I thought I hated it. Then I watched my teenage daughters. They can go through more emotional crises in the course of one hour of text-message exchanges than I've experienced since... since President Obama's 2009 stimulus package.

There are worse things than getting old. Being young again would be one of them.

  1. Family

Ironically, it's often at Thanksgiving, when we get together with our family, that we forget to be thankful for them.

There's Aunt Lucy, who always insists on bringing the wine – in a box from Chateau Ohio. There's Cousin Louie, who insists on showing you a website proving the election was stolen from Gary Johnson. There's my teenage daughter, the one who became a vegetarian five minutes ago, who insists that the main course be "tofurkey." There's my wife and my mother-in-law having a fit in the kitchen. And there's my father-in-law and me, who they're having at fit at, because we're planted on the sofa drinking beer, watching a football game, and doing nothing to help.

Bless each and every member of the family. If it weren't for them, I'd be eating tofurkey alone.
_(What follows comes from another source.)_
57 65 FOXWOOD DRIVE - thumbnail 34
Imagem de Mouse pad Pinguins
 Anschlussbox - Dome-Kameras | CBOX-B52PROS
  1. The Stansberry Digest

This is a personal thank you. I've been contributing to the Digest for a year now, and it's been an honor and a delight. Stansberry Research readers are the best audience a writer could hope for. The writing has been a pleasure, and the reading even more so. I've learned a lot about money, investments, and economic reality.

Thank you Porter, for being a great boss. Thank you Jamison Miller, for making Stansberry get-togethers great fun. And thank you Carli Flippen, for being my editor.

Carli takes the soft dough of my prose, kneads it, rolls it, and bakes it into something palatable for the readers. Thanks!